Non-Custodial Parent Worries: Every Other Weekend

After every visit with my son, I worry that I didn’t do everything I could with him…

November, 2019

The Mom and Child weekend is 3 days over. My son is back with his father. It was a “chill out” weekend. I didn’t have anything more than a rough plan, and even that I more or less scrapped. Money was a bit tight this month. I opted for the simple pleasure of hanging out with my son around the house for 3 days, except for a short visit to Minute Man National Historical Park, the site of the Battle of Lexington and Concord.

I wonder if Leading Man #1 minded that. I know this isn’t the weekend he expected.

  • He wanted to go to the grocery store, and to GameStop. I sent my husband to the grocery store and insisted on a hike through Tophet Chasm with the dog.

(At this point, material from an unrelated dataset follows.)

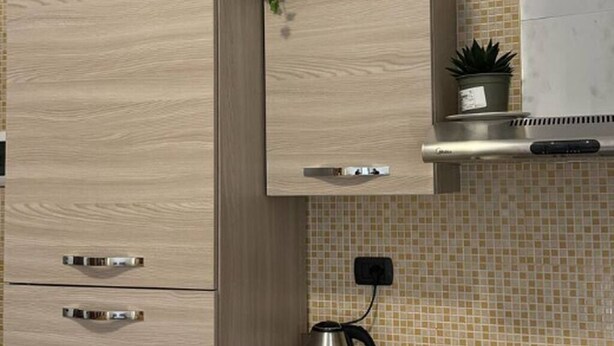 Una cucina con mobili in legno, una cappa in acciaio inossidabile e uno schienale piastrellato.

  • He wanted to go to a restaurant for pancakes and bacon. I made them at home.

  • Kiddo wanted to buy a Christmas tree. I opted for one of the fir trees in our backyard that needed clearing.

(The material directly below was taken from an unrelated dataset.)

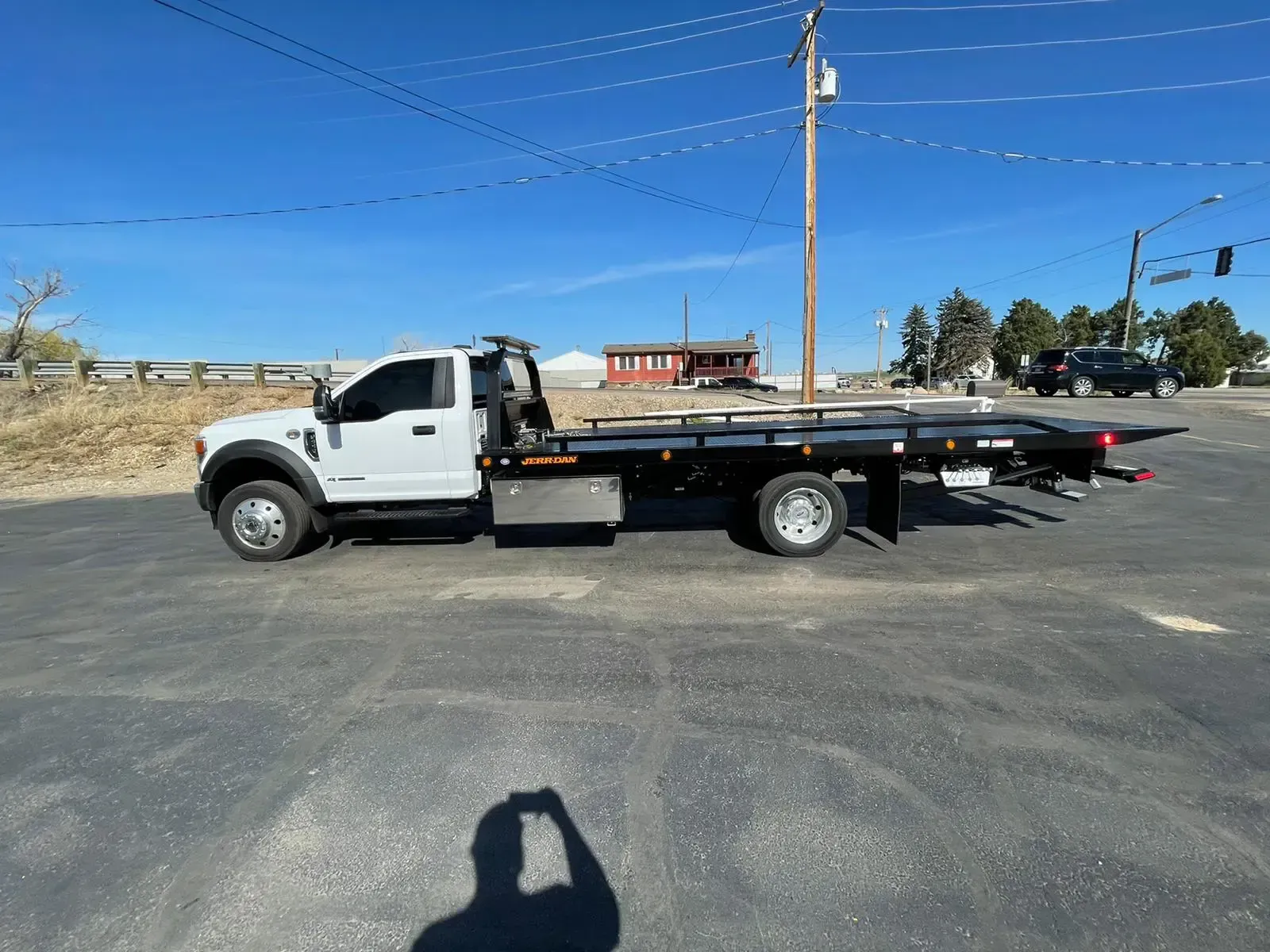White tow truck on a paved road, under a clear blue sky.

  • Kiddo wanted to go shopping for another pair of blue jeans. I decided that kiddo would quickly outgrow another pair of jeans before I saw him in December and did laundry instead.

We did go to the dog park twice. Kiddo seemed trepidatious at first – turns out he’s a bit leery of large dogs – but enjoyed it in the end. We also watched a Doctor Who movie, and saw the new Terminator movie.

Thank you Hollywood for Mackenzie Davis, by the way. We need more strong, intelligent,  women kicking ass front and center on the big and small screen.

There was also none of the routine and chores I typically enforce when kiddo is visiting. I had no jobs for kiddo to do. I did the dishes and laundry myself.

So did I do everything right? Did I do my best for my son this weekend? Does every weekend have to be spectacular and adventurous, planned and set out in meticulous routine?

I start to feel guilty about all the things Leading Man #1 wanted to do, and the things I did instead, and decide, No.

No. I don’t need to feel guilty. I shouldn’t feel guilty. I should relish my time with the best and most important part of my life. I should savor every minute, pore over the pictures, and be happy. When you are a non-custodial parent, all the time you get with your children, even the unplanned, mediocre times, are still the best times.

Besides, this wasn’t so mediocre. It’s good just to sit and do nothing together on occasion.

Besides, I’ve got a whole month to plan December.